総じて書き言葉の世界に、語彙の恐ろしいまでの貧困化がもたらされた・・・とくに文学の面では、散文でも詩文でも、伝統的にあった豊かな漢字表現の大部分を失ってしまった。そのため、現在の韓国人が書く文章は一般的に、簡潔、単純、直接的という傾向が強く、言葉の奥行きが極めた浅い。
ハングルというのは、「大いなる文字」あるいは「一つ(唯一)の文字」という意味だが、これは日本統治時代に一般化された呼び名で、もともとは「訓民生音(民に教える正しい音)」といった。つまり、漢字を読み書きできない一般大衆のために朝鮮語の音を正確に書き記すことのできる文字として作られたもの
漢字ハングル混じり文が本格的に用いられたのは、福沢諭吉の発案で日本で鋳造したハングル活字を用いた李朝の「官報」の役割をも果たしていた新聞「漢城周報」(明治19年)が最初である。そして、日本の手で学校制度が敷かれてから、一般の人々の間にまで広く普及したのである。
日本の中国専門家であり、漢字学者である白川静氏は「漢字は国字である」といったが、それは日本が漢字を日本化していったからである。日本人にとって漢字は外国語を表記する記号ではない。漢字を国字としていくなかで、漢字が持つ意味の歴史的な深さ、文化的な概念やイメージの広がりを自らのものとしてきたのだし、さらにそこへ日本独自の文化性や意味を付与していったのである。そうではなかった韓国には、漢字は国字だという考えがなかった。だから廃止することができたのである。
韓国語の語彙は、日本語以上に漢字語の影響が強く、一般の文書で使われている語彙の約70%が漢字語で、公文書になると90%以上が漢字語だといわれる。

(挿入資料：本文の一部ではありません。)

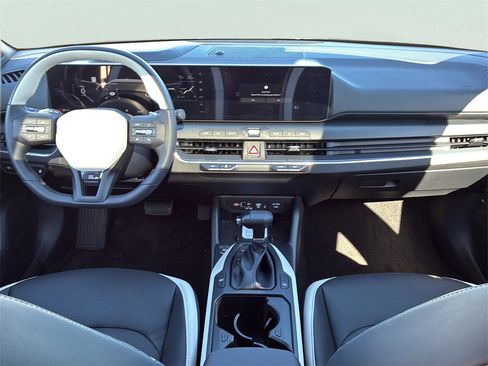 New 2025 Kia K4 GT-Line w/ GT-Line Premium Package image 18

私(著者)は、韓国人が漢字の廃止によって失ったもののなかでも、最大のものは、「概念を用いて抽象度の高い思考を展開すること」だと思ってきた。
民族文化に誇りを持つのはよいことだが、漢字論者にあってもハングル民族主義者と同じように、自民族優越主義、あるいは自民族中心主義の民族主義を高唱する者たちがすくなくない。こういう手合いによって、本来の漢字復活の意義が見えなくなってしまうことを恐れる。

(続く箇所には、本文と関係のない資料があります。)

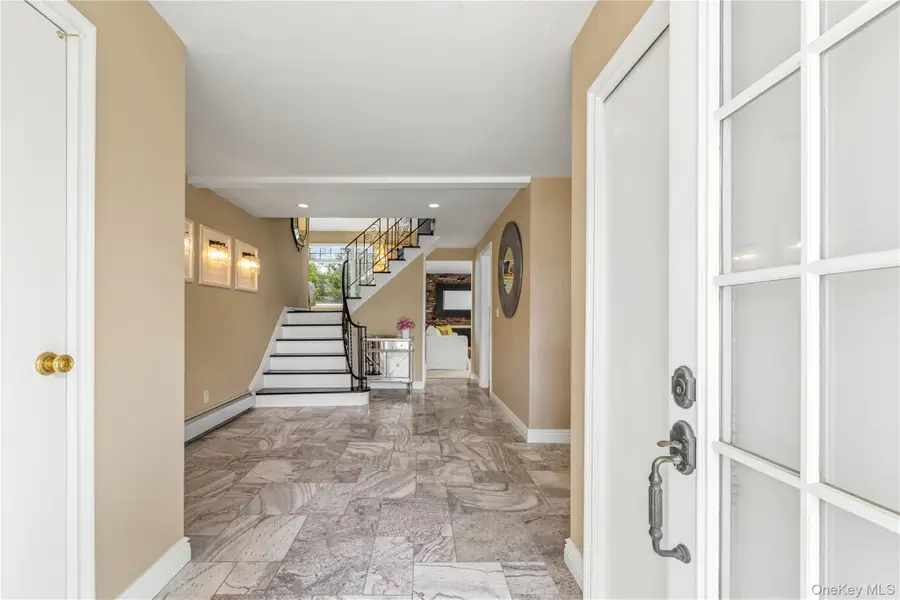22 Delaware Avenue, Jericho, NY 11753 - #2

漢字排斥がもたらした最大の弊害が、韓国語では日本語と同じように概念語や専門用語の大部分が漢字語であるのに、漢字の知識によってそれらの言葉を駆使することができなくなったところにある。そのため韓国人は、抽象度の高い思考を苦手とするようになってしまったというのが私の考えである。・・・新聞や雑誌や書物の中に、意味不明の言葉がたくさん出てくることになる。ハングル専用世代はしかたなくそこを読み飛ばす。そのため、実にいい加減な読み方しかできていないのが実状である。
「日帝問題」となると、韓国人は・・きまって感情論となり、世界的な水準から歴史を見つめた冷静な議論になることがまずない。それは通常、反日教育や固陋な小中華主義のせいだとされてきた。しかし、そればかりではない。そもそも現代韓国は、漢字を廃止したため、世界を論ずるにふさわしい抽象度をもって議論を展開するための言語的なベースが、ほとんど崩壊状態にあるのである。
国民一人当たり年間平均読書量0.9冊という、惨憺たる知的荒廃が生み出されている。「国民全体が文盲のどん底に陥った」というのは、決して大げさな言葉だとばかりはいえないのである。
日本人と韓国人のカソリックの尼さんに座禅をさせて脳波を測定すると、日本人はリラックスした心を示すが、韓国人では興奮気味になる、というデータがあると聞いたことがある。これは、よく分かるような気がする。韓国人の場合は、日本人のように「心静かに神に祈る」といった人よりも、熱心に神を求めていく気持ちを高めて祈っていく人が多いといえるからである。』